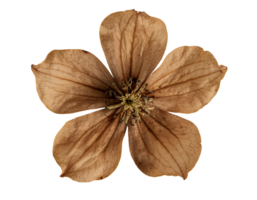 top view of a dried vintage brown flower with fragile petals on isolated background png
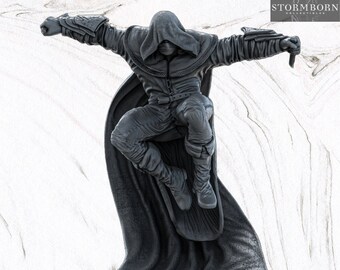 Corvus - The Shrouded Viper - Rogue - Assasin - 32 or 75 mm miniature - D&D - Tabletop RPG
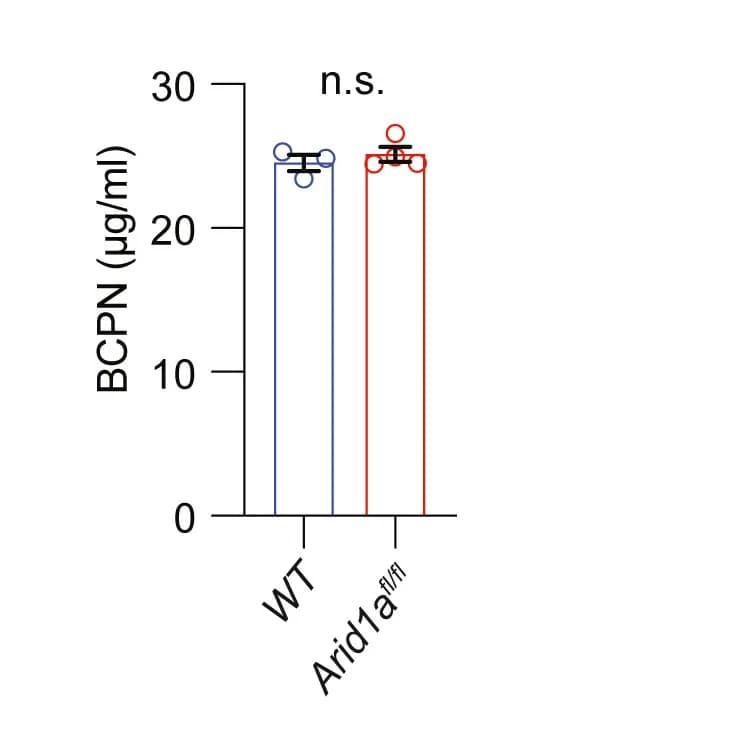 Open access visualization of Bar Plot, Error Bars, Mass Spectrometry, Urine BCPN, WT Mice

+--

▸ ABOUT THIS EXERCISE: Transcribe the listing verbatim, pictures excluded.

▸ TASK RESULT:
 top view of a dried vintage brown flower with fragile petals on isolated background png
 Corvus - The Shrouded Viper - Rogue - Assasin - 32 or 75 mm miniature - D&D - Tabletop RPG
 Open access visualization of Bar Plot, Error Bars, Mass Spectrometry, Urine BCPN, WT Mice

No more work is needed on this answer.